- Court: Auckland High Court
- Decided: 8 November 2000
- Citation: [2001] 1 NZLR 237

Case history
- Subsequent action: [2002] 1 NZLR 780

Court membership
- Judge sitting: Salmon J

Keywords
- Equity (law), Trust law, Three certainties

= Thexton v Thexton =

Thexton v Thexton is an important case in New Zealand trust law, applying the principle that burden of establishing an intention to create a trust rests on the person alleging it.

==Background==
The background of the case was a family dispute over the ownership of shares in a family business. The critical question before the court was whether the son held shares in trust for his father.

==Judgment==
Justice Salmon ruled, applying the principle of Herdegan v Federal Commissioner of Taxation 1988 84 ALR 271; "The burden of establishing that there was an intention to create a trust is on the person who alleges that a trust was created." Salmon J also held that inferring an intention does not require technical words and may come from a person's acts;

If the trust is not completely constituted then absent consideration on the part of the beneficiary, the trust is not binding on the settlor: equity will not assist a volunteer. A declaration of trust does not require a technical form of expression, it is a question of construction whether the words used, taking into account the surrounding circumstances, amount to a clear declaration of trust.
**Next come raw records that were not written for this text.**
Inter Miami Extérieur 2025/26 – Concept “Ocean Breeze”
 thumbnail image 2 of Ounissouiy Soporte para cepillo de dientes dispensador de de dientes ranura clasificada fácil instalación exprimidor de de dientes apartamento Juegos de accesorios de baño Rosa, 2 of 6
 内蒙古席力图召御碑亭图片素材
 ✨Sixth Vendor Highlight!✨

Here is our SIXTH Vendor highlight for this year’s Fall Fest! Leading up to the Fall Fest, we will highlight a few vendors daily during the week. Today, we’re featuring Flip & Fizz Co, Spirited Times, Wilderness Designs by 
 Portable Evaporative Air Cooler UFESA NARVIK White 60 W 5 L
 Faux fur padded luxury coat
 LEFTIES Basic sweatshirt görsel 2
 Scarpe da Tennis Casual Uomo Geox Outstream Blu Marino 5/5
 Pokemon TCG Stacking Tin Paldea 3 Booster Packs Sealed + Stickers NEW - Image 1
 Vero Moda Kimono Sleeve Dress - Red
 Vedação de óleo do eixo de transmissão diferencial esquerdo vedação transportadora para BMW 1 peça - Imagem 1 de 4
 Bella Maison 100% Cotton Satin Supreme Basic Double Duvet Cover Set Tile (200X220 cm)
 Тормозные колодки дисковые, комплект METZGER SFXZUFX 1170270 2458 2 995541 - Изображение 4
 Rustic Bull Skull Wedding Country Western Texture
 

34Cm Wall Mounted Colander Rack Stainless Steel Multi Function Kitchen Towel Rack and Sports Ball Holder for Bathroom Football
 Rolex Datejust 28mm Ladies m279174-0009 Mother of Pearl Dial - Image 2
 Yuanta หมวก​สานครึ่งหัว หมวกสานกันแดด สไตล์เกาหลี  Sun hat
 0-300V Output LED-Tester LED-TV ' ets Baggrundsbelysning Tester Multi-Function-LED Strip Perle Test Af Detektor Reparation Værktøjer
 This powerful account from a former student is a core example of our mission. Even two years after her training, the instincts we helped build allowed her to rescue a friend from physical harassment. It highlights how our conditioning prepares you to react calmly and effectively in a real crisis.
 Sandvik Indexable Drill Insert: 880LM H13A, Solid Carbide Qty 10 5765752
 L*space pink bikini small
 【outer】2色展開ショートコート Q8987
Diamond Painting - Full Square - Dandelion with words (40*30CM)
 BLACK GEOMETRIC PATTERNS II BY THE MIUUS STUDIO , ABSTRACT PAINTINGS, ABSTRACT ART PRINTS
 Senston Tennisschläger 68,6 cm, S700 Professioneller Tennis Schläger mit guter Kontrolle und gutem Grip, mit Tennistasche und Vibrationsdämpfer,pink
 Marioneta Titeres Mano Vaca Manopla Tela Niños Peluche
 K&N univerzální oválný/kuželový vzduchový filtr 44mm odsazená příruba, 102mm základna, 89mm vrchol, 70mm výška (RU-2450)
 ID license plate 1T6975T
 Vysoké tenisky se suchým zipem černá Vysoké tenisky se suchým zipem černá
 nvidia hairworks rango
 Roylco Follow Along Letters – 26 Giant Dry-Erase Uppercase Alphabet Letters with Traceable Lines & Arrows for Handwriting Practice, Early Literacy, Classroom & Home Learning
What is needed is the manifestation of an intention to declare a trust: Paul v Constance [1977] 1 All ER 195. Where no words exhibiting the necessary intent are used it may in exceptional cases be possible to infer a declaration of trust from acts showing that a person has constituted themselves as trustee, ie from conduct evincing an intent to deal with his property so that somebody else to his own exclusion acquires the beneficial interest in his property.